Diffusion Models for Accurate Channel Distribution Generation

TL;DR

This paper demonstrates that diffusion models can accurately learn and generate channel distributions, enabling near-optimal communication performance and efficient sampling, surpassing GAN-based approaches.

Contribution

The paper introduces the use of diffusion models for channel distribution generation, showing improved accuracy and sampling efficiency over traditional GAN methods in communication systems.

Findings

Diffusion models achieve high-quality channel distribution learning.

End-to-end systems with DMs reach near-optimal symbol error rates.

Sampling speed can be improved with minimal loss in accuracy.

Abstract

Strong generative models can accurately learn channel distributions. This could save recurring costs for physical measurements of the channel. Moreover, the resulting differentiable channel model supports training neural encoders by enabling gradient-based optimization. The initial approach in the literature draws upon the modern advancements in image generation, utilizing generative adversarial networks (GANs) or their enhanced variants to generate channel distributions. In this paper, we address this channel approximation challenge with diffusion models (DMs), which have demonstrated high sample quality and mode coverage in image generation. In addition to testing the generative performance of the channel distributions, we use an end-to-end (E2E) coded-modulation framework underpinned by DMs and propose an efficient training algorithm.

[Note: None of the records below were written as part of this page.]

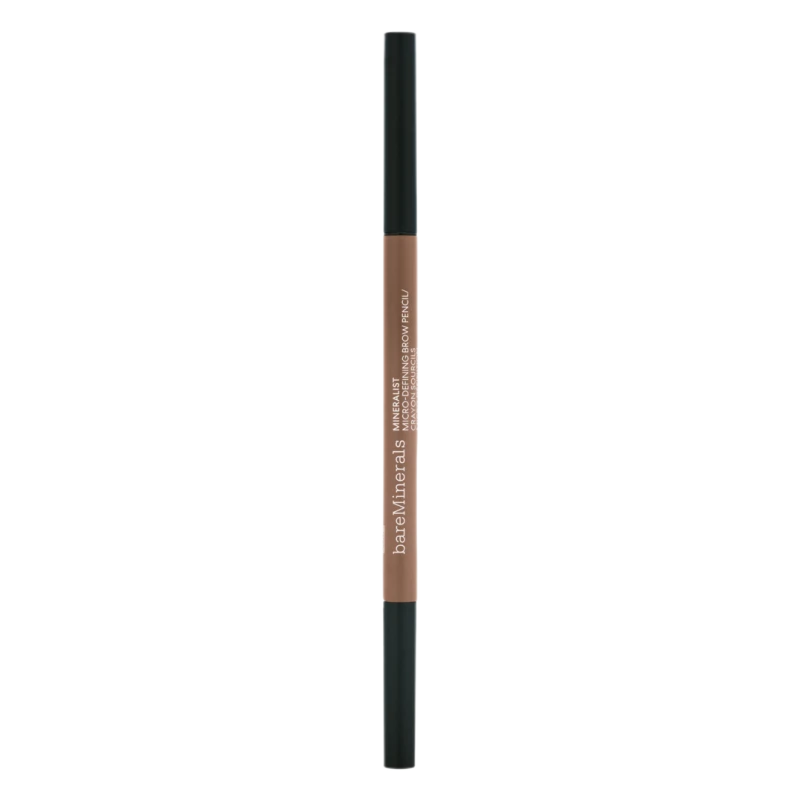 Image of bareMinerals MINERALIST Micro-Defining Eyebrow Pencil (Various Shades) - Light Brown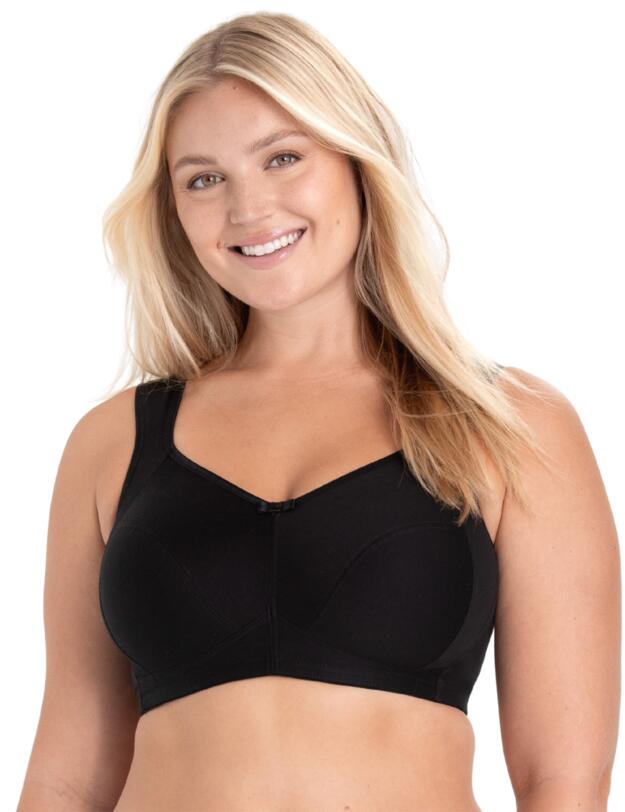Miss Mary of Sweden Freedom Skin Relief Bra Black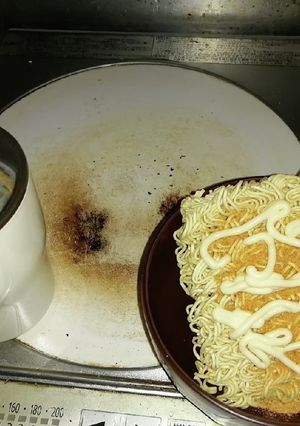 そのまんま麺-レシピのメイン写真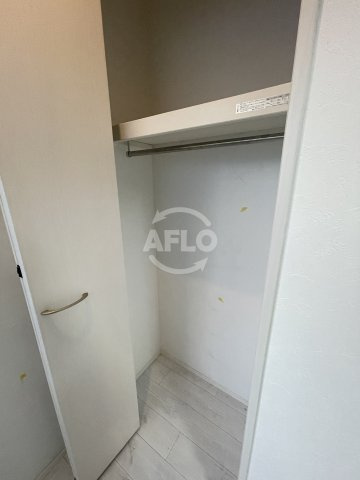 ソルーナ玉造の収納|ソルーナ玉造　収納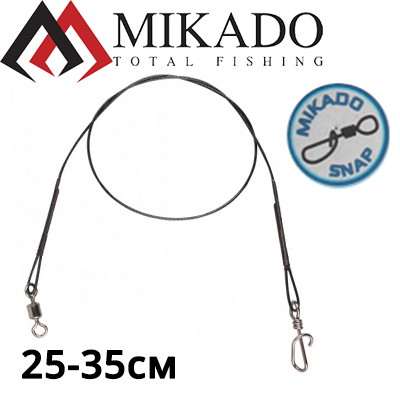 Mikado Jaws Stalowy ZGJ02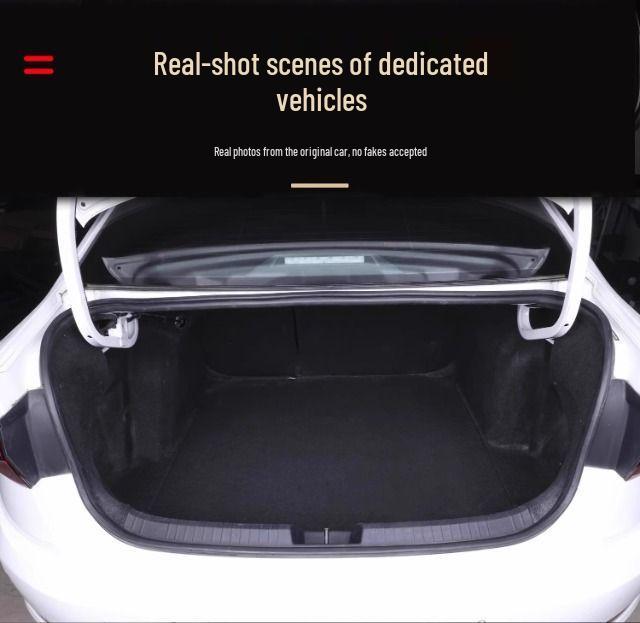 2025 Volkswagen Sagitar Trunk and Bumper Trim Mat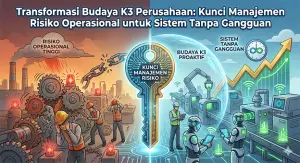 Transformasi Budaya K3 Perusahaan: Kunci Manajemen Risiko Operasional untuk Sistem Tanpa Gangguan, budaya k3, budaya keselamatan, budaya keselamatan dan kesehatan kerja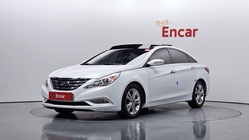 Hyundai Sonata 2010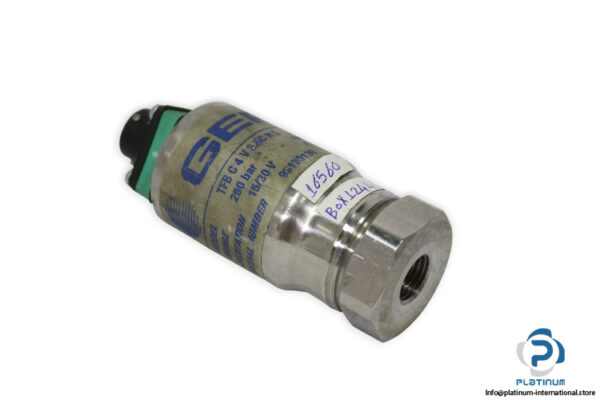 Gefran-tfb-c4v8.5chl-pressure-transducer(used)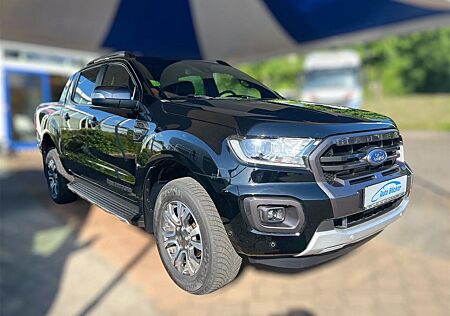 Ford Ranger Wildtrak DoKa 4x4 AHK,LED,KAM Standheizun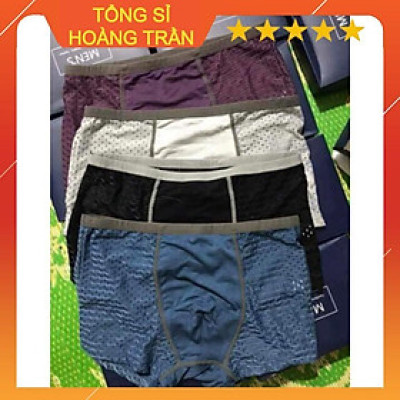 quần sịp đùi nam thông hơi Men
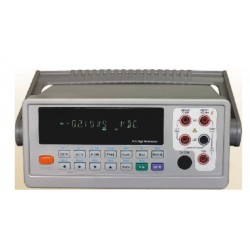 Nvis 62T 5 1/2 and 6 1/2 Digital BenchTop Multimeters (Full scale Reading: 119.999)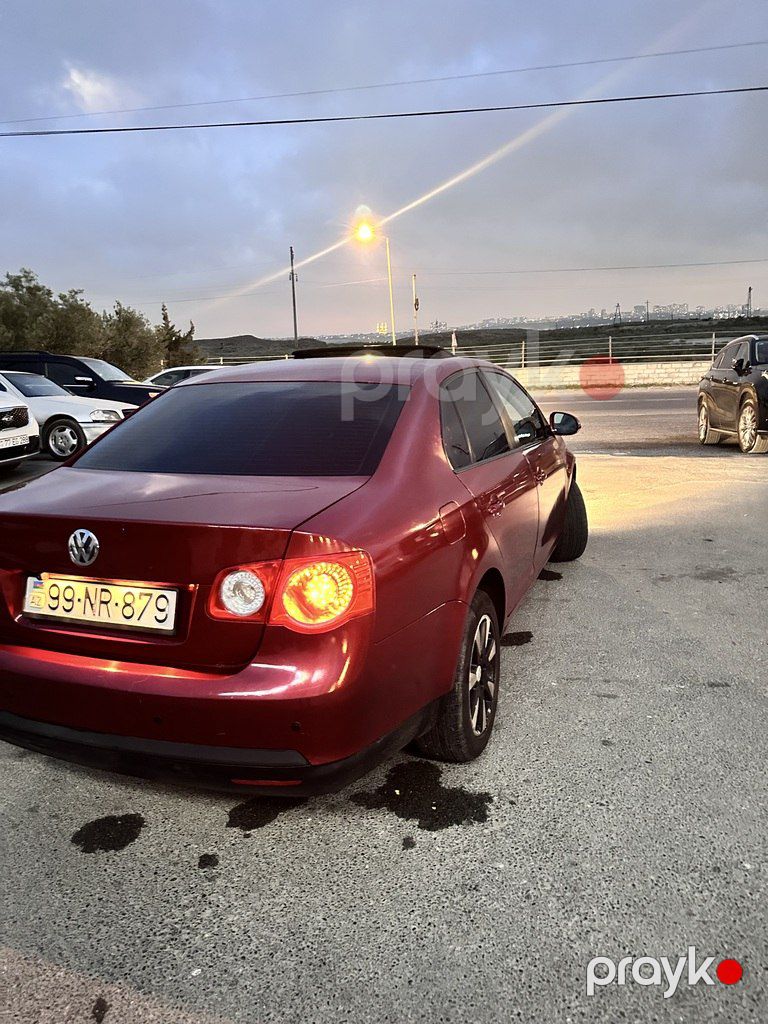 Volkswagen Jetta, 1.6 L, 2010 il, 282 000 km — Avtomobillər, Bakı (3)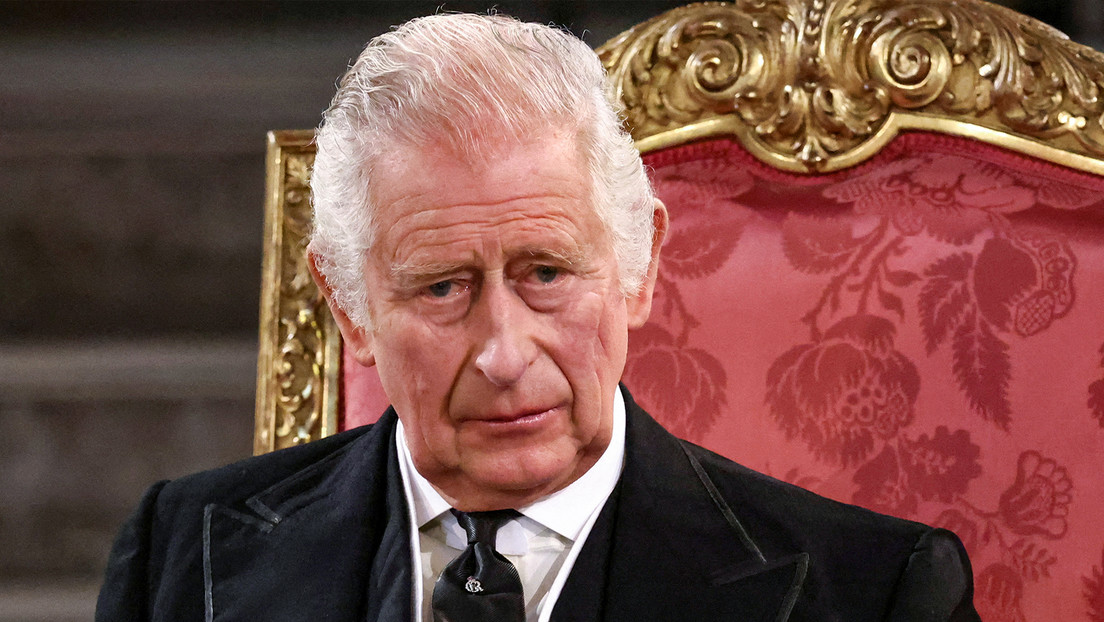El rey Carlos III renunciará a parte de sus ingresos por "beneficios imprevistos" de un parque eólico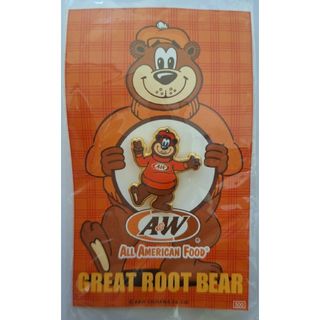 A&W グレートルートベアGreat Root Bear ピンバッジ(その他)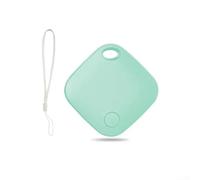 For Smart Tag Location Finder Mini Enabled Designed to Help You Locate Your Valuables on For iOS (Green)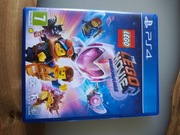 LEGO Movie 2 Przygoda PS4 Sony PlayStation 4 PS4 POLSKI DUBBING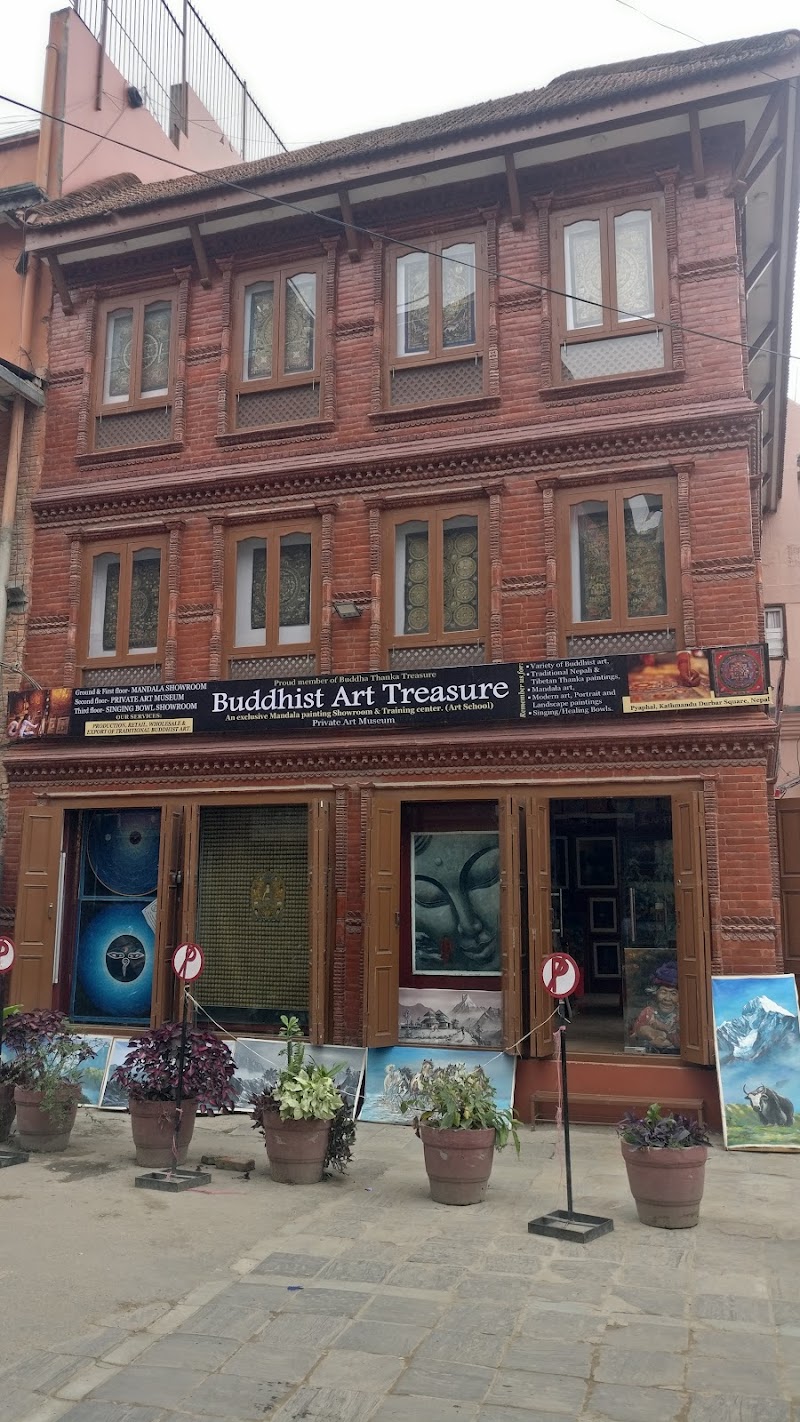 Buddhist Art Treasure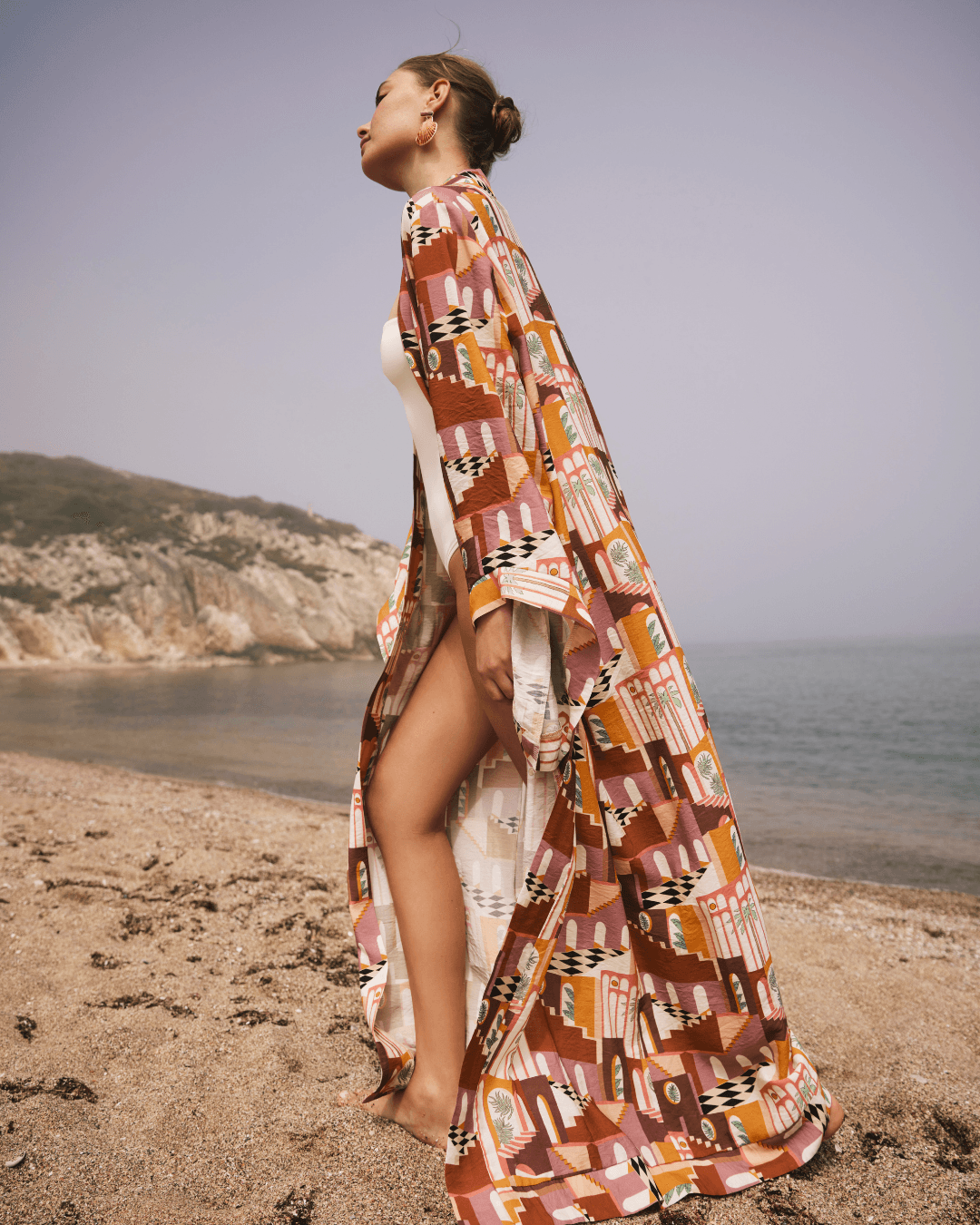 Milos Kimono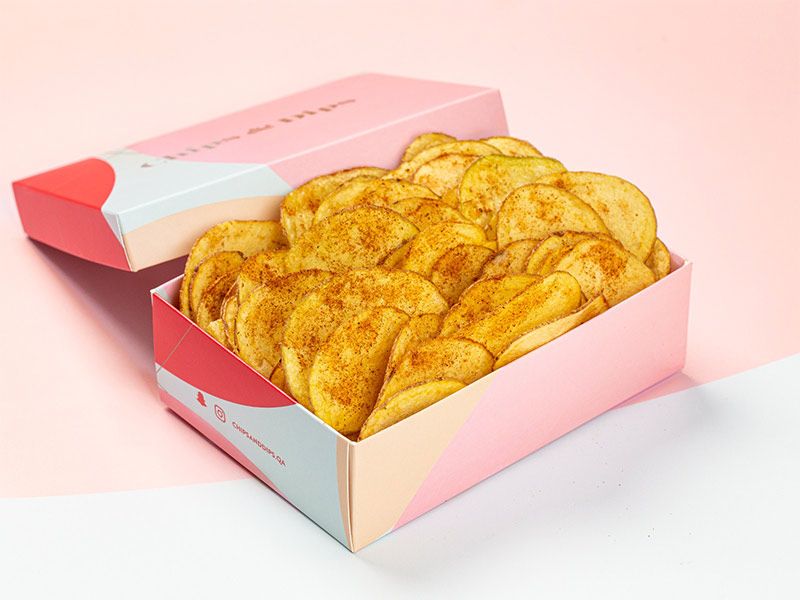 Chips & Dips delivery service in Qatar Talabat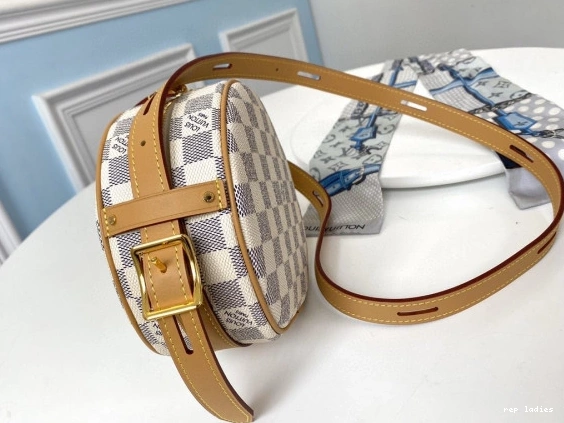 Cheap CHAPEAU SOUPLE LOUIS PM VUITTON BOITE 0802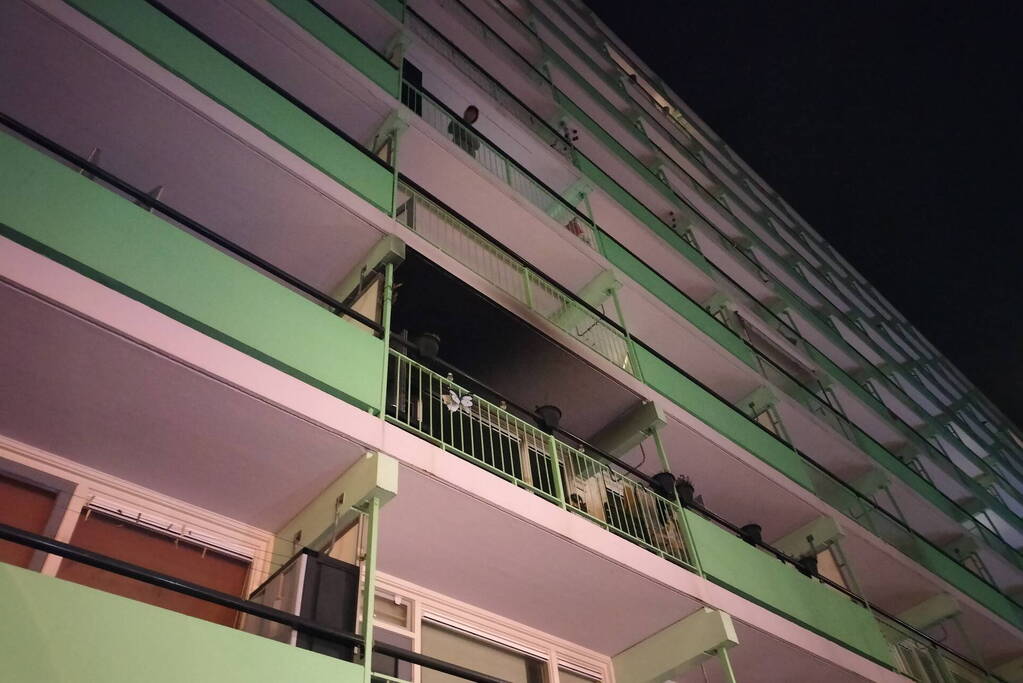 Veel schade na hevige uitslaande brand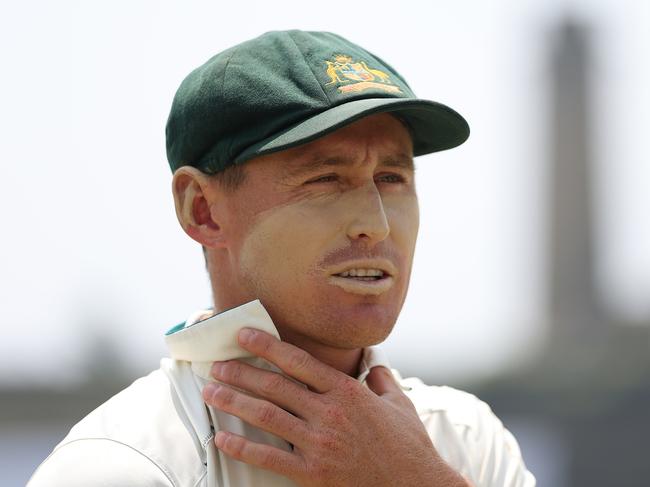 ‘Will be a squeeze’: Labuschagne on notice after torrid run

Our simulations with various channel models show that a DM can accurately learn channel distributions, enabling an E2E framework to achieve near-optimal symbol error rates (SERs). Furthermore, we examine the trade-off between mode coverage and sampling speed through skipped sampling using sliced Wasserstein distance (SWD) and the E2E SER. We investigate the effect of noise scheduling on this trade-off, demonstrating that with an appropriate choice of parameters and techniques, sampling time can be significantly reduced with a minor increase in SWD and SER. Finally, we show that the DM can generate a correlated fading channel, whereas a strong GAN variant fails to learn the covariance. This paper highlights the potential benefits of using DMs for learning channel distributions, which could be further investigated for various channels and advanced techniques of DMs.